Гениальные поэты только и занимаются подражанием и перепевом. А оригинальные образы и формы — создают слабые поэты. И это — естественно. Зачем человеку — как грибу питаться неорганическими соединениями, над чем-то думать, что-то изобретать? Надо обирать предшествующих поэтов — самым бессовестным образом.
Лермонтов ничего не делал, кроме того, что переделывал чужие стихотворения. Поэтому он был гениален.
Демьян Бедный, Нельдихен[775], Мандельштам и Маяковский — не поэты, а поэтессы.
История нам не нужна. Нам вовсе неинтересно знать, кто как жил, — а нам необходимо знать, как люди понимали мир.
Собственным трудом никогда ничего не сделаешь хорошего. Всегда надо пользоваться чужим.
Меня никогда не удивляет смерть молодых людей. Они еще не научились и не привыкли жить. А вот когда умирает старик лет восьмидесяти — это уже удивительно…
Извозчик, отвезите меня, пожалуйста, на Ждановку, только везите не задом наперед, а как следует…]
С Фофановым произошел у меня забавный случай: вышел я вместе с ним — из редакции «Наблюдателя»[777] — здесь вот, на Пушкинской улице, и в подъезде мы оба остановились. Фофанов был не трезв. Поглядел он на меня пристально и говорит: «Знаешь, тебя очень бородавка портит, дай-ка я ее у тебя вырву». Ну, и вправду начал вырывать, — но бородавка сидит крепко, не вырывается, да и руки у Фофанова дрожат, никак ему захватить не удается как следует. Пробовал он, пробовал — и говорит: Нет, брат, не вырвать, ничего не поделаешь…

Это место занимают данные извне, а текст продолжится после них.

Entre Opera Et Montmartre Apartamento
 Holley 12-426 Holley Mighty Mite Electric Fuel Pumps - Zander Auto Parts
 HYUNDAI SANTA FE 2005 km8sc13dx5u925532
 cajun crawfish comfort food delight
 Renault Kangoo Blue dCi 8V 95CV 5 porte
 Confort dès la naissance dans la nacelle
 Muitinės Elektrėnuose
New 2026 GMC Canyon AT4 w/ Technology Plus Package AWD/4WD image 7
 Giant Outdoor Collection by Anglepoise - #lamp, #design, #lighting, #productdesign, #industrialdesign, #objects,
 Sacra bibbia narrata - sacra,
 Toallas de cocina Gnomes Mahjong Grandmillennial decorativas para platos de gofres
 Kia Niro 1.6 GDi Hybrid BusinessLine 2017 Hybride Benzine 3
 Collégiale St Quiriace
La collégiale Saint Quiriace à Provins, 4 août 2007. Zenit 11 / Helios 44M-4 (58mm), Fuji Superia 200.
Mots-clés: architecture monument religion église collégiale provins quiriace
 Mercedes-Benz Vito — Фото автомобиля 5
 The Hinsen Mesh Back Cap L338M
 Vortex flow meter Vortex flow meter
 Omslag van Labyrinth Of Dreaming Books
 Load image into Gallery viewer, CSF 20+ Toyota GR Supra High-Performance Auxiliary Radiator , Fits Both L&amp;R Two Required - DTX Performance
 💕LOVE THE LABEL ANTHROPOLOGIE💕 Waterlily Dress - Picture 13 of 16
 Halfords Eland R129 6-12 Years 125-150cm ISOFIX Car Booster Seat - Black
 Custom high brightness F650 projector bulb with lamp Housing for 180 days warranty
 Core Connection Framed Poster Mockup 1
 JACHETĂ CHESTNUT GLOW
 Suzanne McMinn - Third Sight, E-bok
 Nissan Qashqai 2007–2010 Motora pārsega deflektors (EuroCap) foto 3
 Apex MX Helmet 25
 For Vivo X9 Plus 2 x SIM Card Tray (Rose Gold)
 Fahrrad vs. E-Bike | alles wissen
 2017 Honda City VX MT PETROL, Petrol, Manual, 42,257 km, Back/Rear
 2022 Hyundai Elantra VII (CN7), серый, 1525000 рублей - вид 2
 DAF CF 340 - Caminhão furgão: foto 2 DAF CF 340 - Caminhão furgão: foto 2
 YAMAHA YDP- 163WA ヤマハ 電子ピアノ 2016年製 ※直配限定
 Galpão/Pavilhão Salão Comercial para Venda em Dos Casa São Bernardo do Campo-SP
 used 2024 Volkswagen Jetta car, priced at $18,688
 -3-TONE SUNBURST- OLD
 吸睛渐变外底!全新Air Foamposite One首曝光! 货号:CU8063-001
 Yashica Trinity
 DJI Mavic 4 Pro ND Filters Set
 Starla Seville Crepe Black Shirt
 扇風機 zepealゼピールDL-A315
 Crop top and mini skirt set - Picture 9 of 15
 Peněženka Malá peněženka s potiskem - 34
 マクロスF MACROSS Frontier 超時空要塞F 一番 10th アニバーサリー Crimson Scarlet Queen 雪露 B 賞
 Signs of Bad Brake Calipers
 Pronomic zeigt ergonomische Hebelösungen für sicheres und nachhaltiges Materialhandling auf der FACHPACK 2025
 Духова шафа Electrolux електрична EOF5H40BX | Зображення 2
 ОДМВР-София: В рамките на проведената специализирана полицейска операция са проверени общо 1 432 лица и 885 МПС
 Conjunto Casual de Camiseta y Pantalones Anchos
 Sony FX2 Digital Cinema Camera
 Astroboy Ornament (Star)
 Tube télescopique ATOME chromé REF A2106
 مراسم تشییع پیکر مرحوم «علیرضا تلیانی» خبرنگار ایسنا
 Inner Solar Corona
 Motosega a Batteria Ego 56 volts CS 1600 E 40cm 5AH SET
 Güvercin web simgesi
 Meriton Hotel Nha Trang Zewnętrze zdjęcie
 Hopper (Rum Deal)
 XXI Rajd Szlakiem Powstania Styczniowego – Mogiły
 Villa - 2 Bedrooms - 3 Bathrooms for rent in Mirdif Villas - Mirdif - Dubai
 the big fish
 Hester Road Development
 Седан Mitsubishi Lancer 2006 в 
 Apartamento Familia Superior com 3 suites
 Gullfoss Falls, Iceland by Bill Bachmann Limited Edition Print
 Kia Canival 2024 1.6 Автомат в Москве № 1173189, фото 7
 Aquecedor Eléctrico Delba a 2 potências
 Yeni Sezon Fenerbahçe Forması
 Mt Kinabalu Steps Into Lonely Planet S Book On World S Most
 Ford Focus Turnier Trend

Толстой был чрезвычайно несимпатичным человеком. Это отразилось и в его <…> (Помните? где-то он подробно <…> о пятнах на простыне) и ужасно <…> какую-нибудь скверную черту <…>. Поглядите его сочинения. Там у него мерзавец на мерзавце, идиот на идиоте! Болконский — дрянь, Николенька — идиот, Карл Иваныч — дурак, Соня — паскуда, ни на ком отдохнуть нельзя![778]
Никогда не надо влюбляться в очаровательных женщин.
Бывают люди, приговоренные к любви. Они — очень несчастны. Часто хотели бы уйти от любимой женщины, которая их истязает — но не могут. И — страдают — ужасно, но в страданьи — блаженствуют. Вот и Толстой Лев был таким же приговоренным. Ему понадобилось прожить 82 года для того, чтобы понять всю мерзость семейной жизни — и уйти от нее…
Я когда что-нибудь воровал — никогда печатно не указывал источников[779]. То есть не делал примечаний такого рода: украдено — у того-то. И забавно, что меня не могли уличить в плагиате. Только один раз уличили. А ведь я обокрал Бульвера[780].
Однажды в один день знаете сколько я стихов написал? Сорок три![781]